Колебания сырьевых цен оказывают серьезное влияние и на выбор внешнеполитического курса. Опыт показывает: сырьевые доходы — ненадежный фундамент для имперских амбиций. Это известно не со вчерашнего дня. Взаимосвязь притока золота и серебра из Америки в Испанию и развертывания внешнеполитических процессов в Европе во второй половине XVI — первой половине XVII века наглядно иллюстрирует данное положение. Суть урока, который полезно извлечь из этого опыта, в том, что на фоне растущих ресурсных доходов принять имперские обязательства легко; а отказаться от них, когда финансовый поток сокращается, трудно. К концу 1640-х годов Испания утратила европейские владения вне Пиренейского полуострова, контроль над Португалией, оказалась на грани потери Каталонии и Арагона. При этом испанская армия, по общему признанию, оставалась сильнейшей в Европе.
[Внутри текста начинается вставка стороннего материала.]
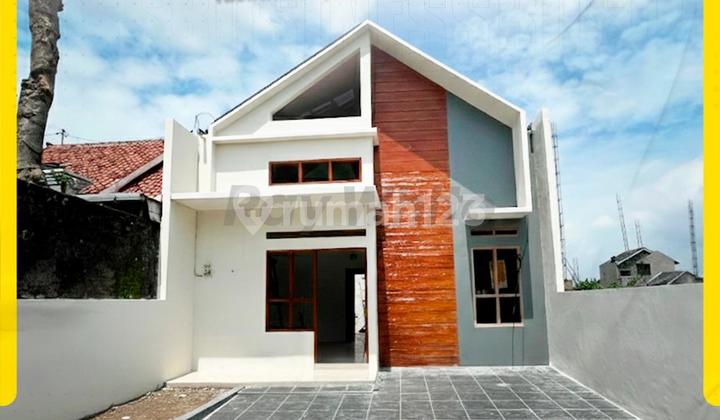 Dijual Rumah Modern Estetik 3 Kamar Tidur di Tasikmadu Karanganyar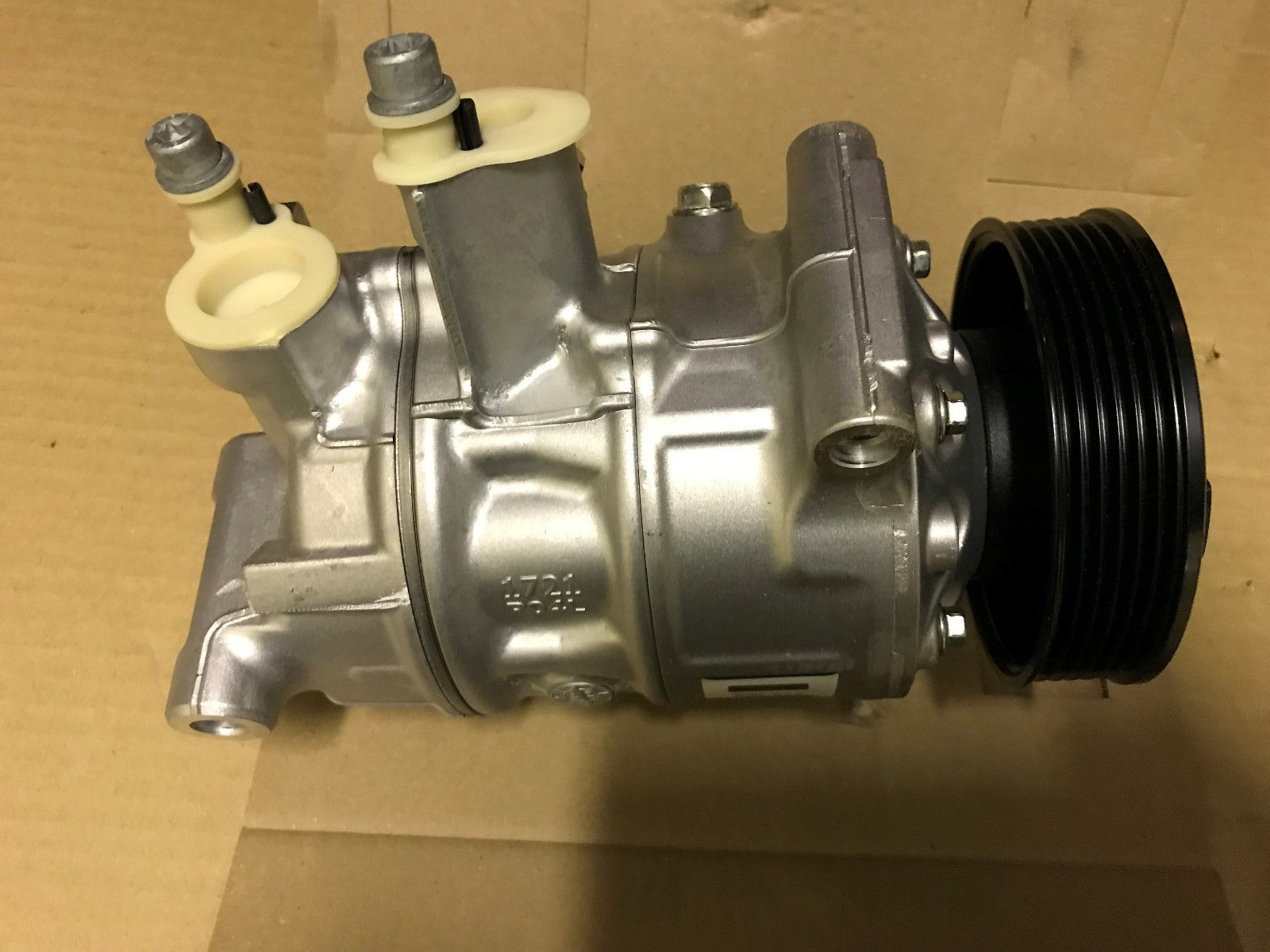 Air Con Compressor Pump fits Audi A3 TT fits VW Golf Tiguan Hella 8FK351135421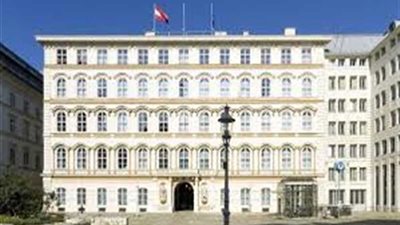 الخارجية النمساوية تطلب تعليق الرحلات غير الضرورية إلى الصين بسبب 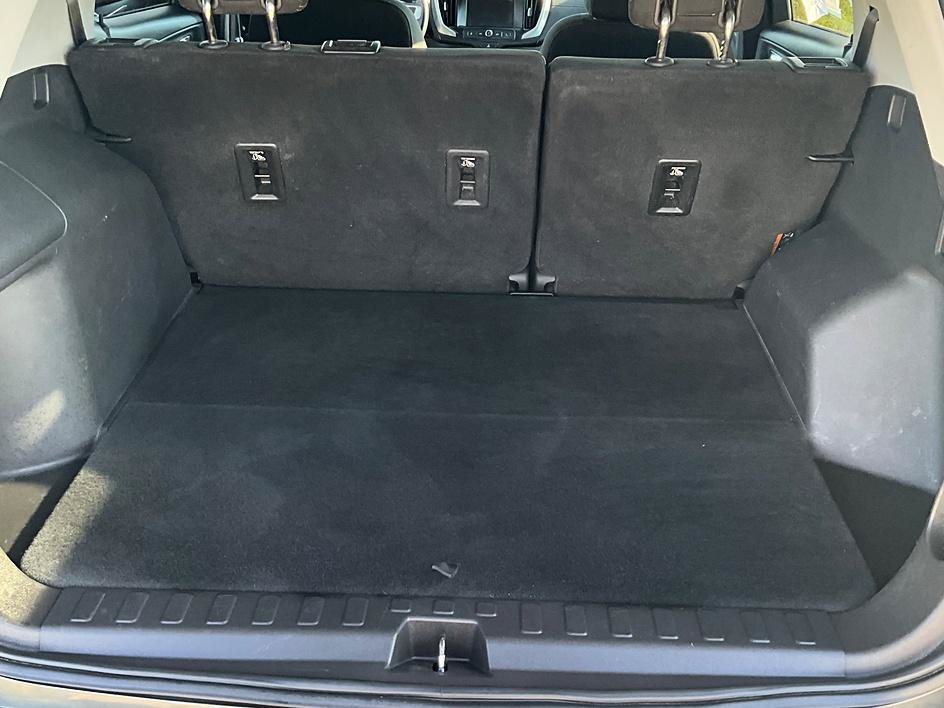 Used 2018 GMC Terrain SLE FWD image 31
Ко времени, когда она потерпела первое за десятилетия поражение в крупном сухопутном сражении (1643 год, битва при Рокруа), империя лежала в руинах. Причиной краха стали не военные неудачи, а сокращение потока ресурсных доходов, невозможность отказаться от принятых внешнеполитических обязательств, расстройство финансов, череда государственных банкротств, вынуждающих испанские власти просить о мире страны, которые совсем недавно казались слабыми противниками.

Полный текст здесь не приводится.